三浦の本棚
これからの「正義」の話をしよう

これからの「正義」の話をしよう

マイケル・J.サンデル / 鬼澤忍 早川書房 2010年5月1日

感想

金融危機や経済格差といった現代の社会問題に、実は深い哲学的背景があるという視点が素晴らしい。著者は古典から現代まで、多くの哲学者の思想を分かりやすく解説してくれます。 会社員として日々の業務の中で、利益追求と社会貢献のバランスについて悩むことがあります。本書を読むと、そうした迷いや葛藤は歴史的には何度も繰り返されてきた問題だと気づかされます。アリストテレスからロールズまで、それぞれ異なるアプローチで「正義」に向き合ってきたのです。 特に良かったのは、複数の視点を同等に紹介しながらも、読み手が自分自身で考える余地を残している点です。

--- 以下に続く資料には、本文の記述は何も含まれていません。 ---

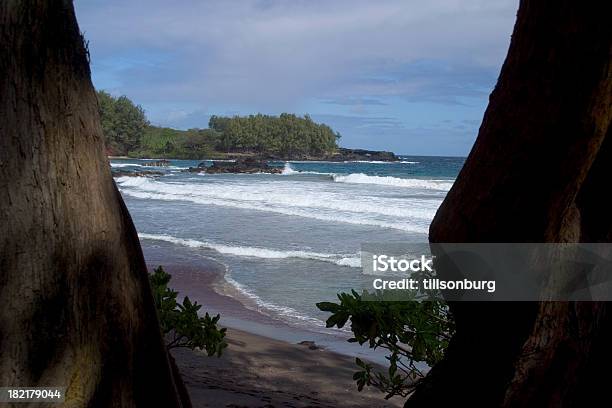 Surfingu Z Maui - zdjęcia stockowe i więcej obrazów Bez ludzi - Bez ludzi, Drzewo, Fala przybrzeżna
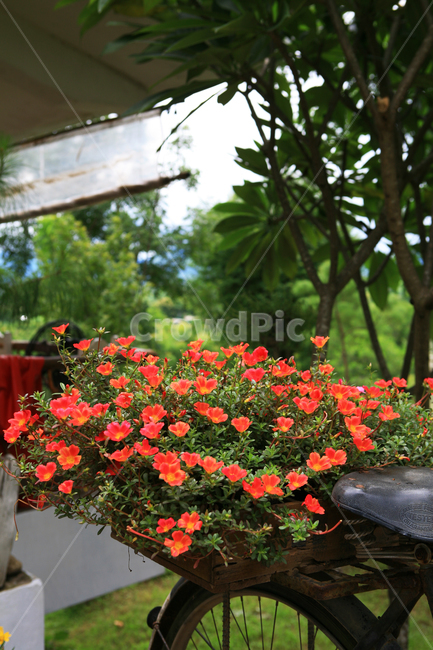 꽃,자전거,정원,자연,봄,식물,자연,plants,nature,꽃,flower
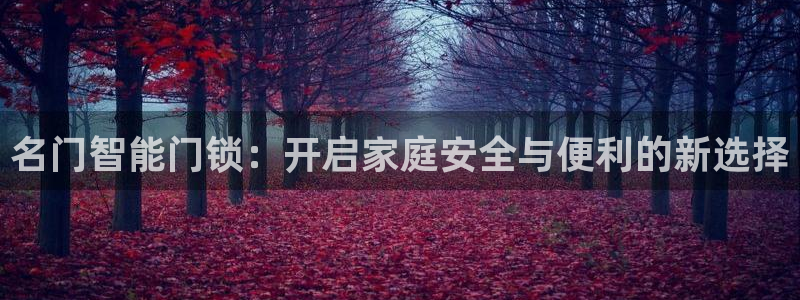 开丰娱乐平台提现失败：名门智能门锁：开启家庭安全与便利的新选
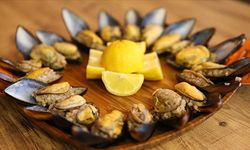 Midye–Kumpir Tartışması: Ortaköy'deki Acı Olay Sokak Lezzetlerini Yeniden Gündeme Taşıdı!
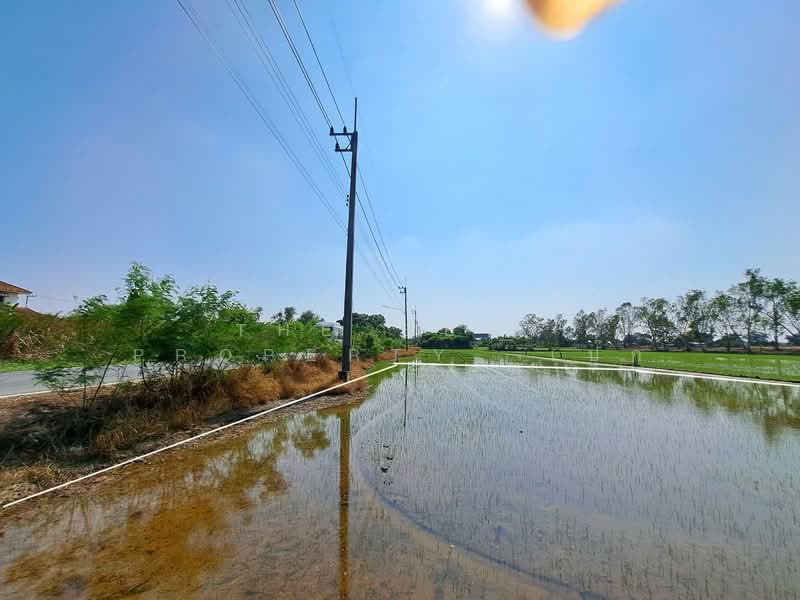 For Sale - ที่ดินพุทธมณฑล นครปฐม, Nakhon Pathom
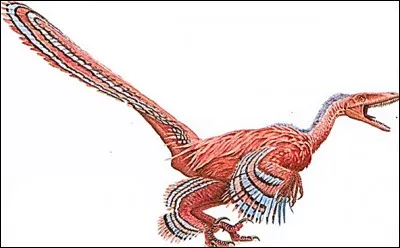 Dans quel État Saurornitholestes a-t-il été découvert ?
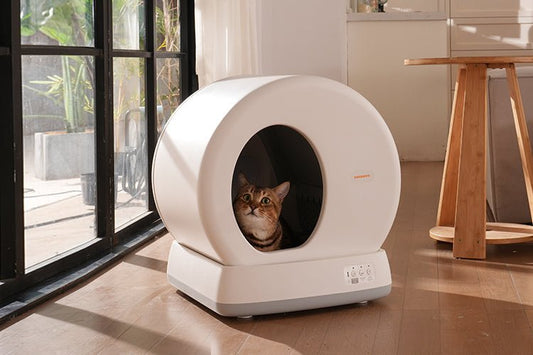 How Rake and Drum Systems Differ in Self-Cleaning Litter Boxes - Meowant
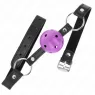 D-240838 KINK COLLAR & GAG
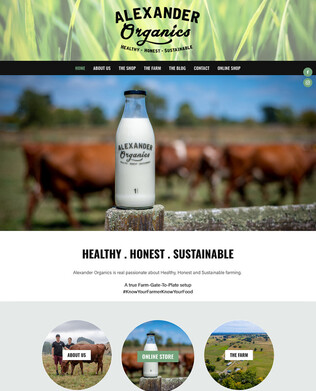 Website design | Custom illustration | Alexander Organics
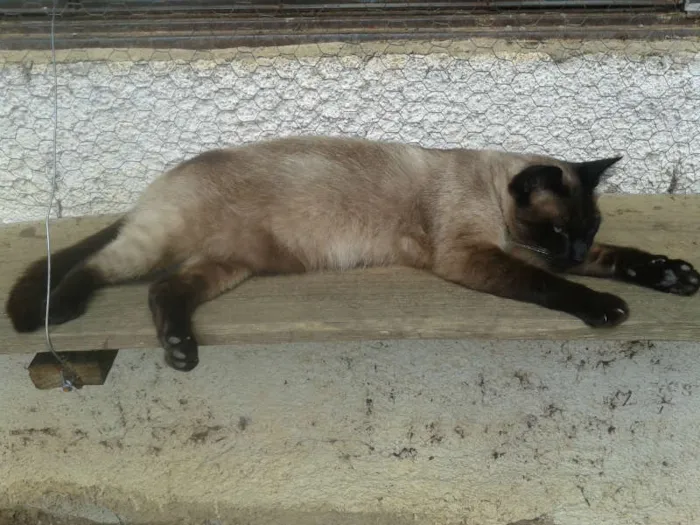 Gato ra a SIAMES idade 2 anos nome CHOCOLATE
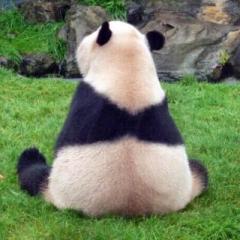 まつまつ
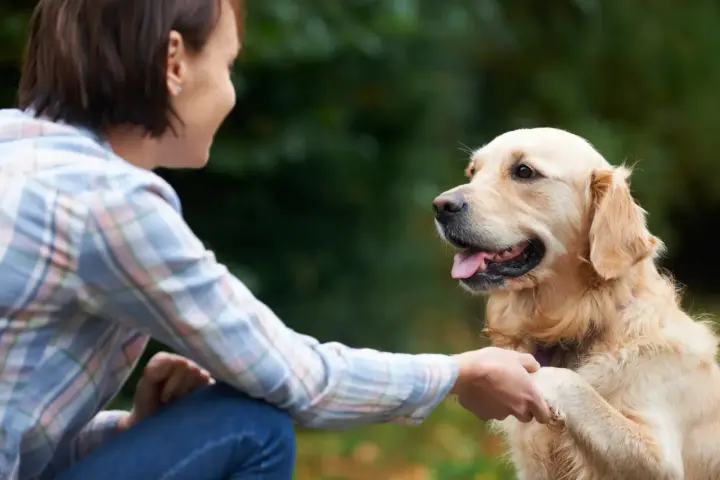 Mujer sonríe a su perro golden retriever mientras le da la pata, un momento clave en como educar a un perro adulto.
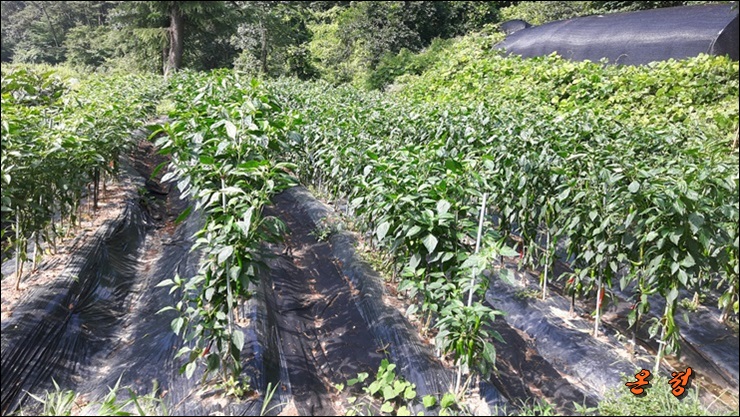 온정노인요양원 이미지 15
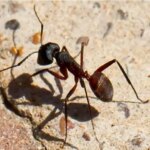 ربات‌هایی که مثل حیوانات مسیرشان را پیدا می‌کنند؛ پایان وابستگی به GPS!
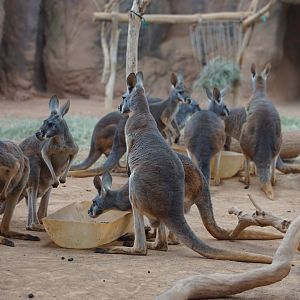 Red Kangaroos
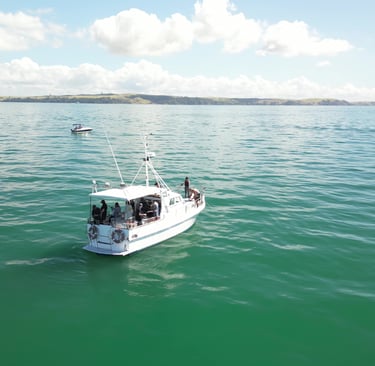 Auckland Fishing in Waiheke waters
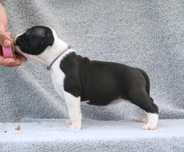 American Staffordshire Terrier Amstaff dziewczynka FCI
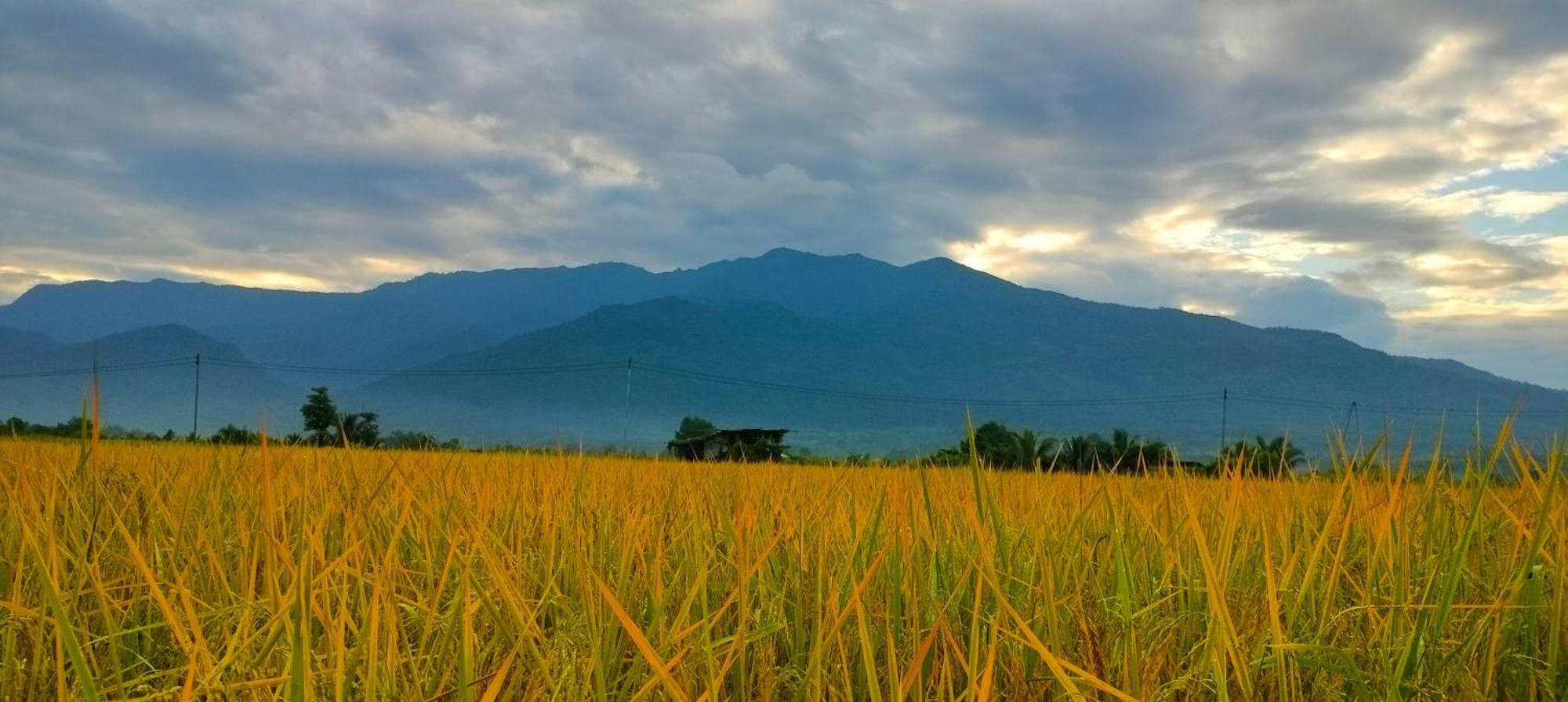 Poonsap Homestay Нан Екстер'єр фото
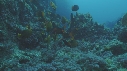 POISSON ANGE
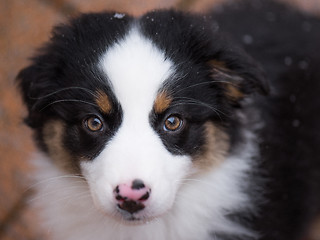 Image showing Australian shepherd puppy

著者が一方的に答えを提示するのではなく、問題提起に徹しているので、考えるプロセスそのものが価値あるものに感じられました。 ただし、哲学書としては相当に読みやすいとはいえ、初心者には少し難しいかもしれません。基本的な倫理学の知識があると、より深く理解できるでしょう。それでも、現代の諸問題を哲学的に考え直したい大人にはぜひ手にとってほしい一冊です。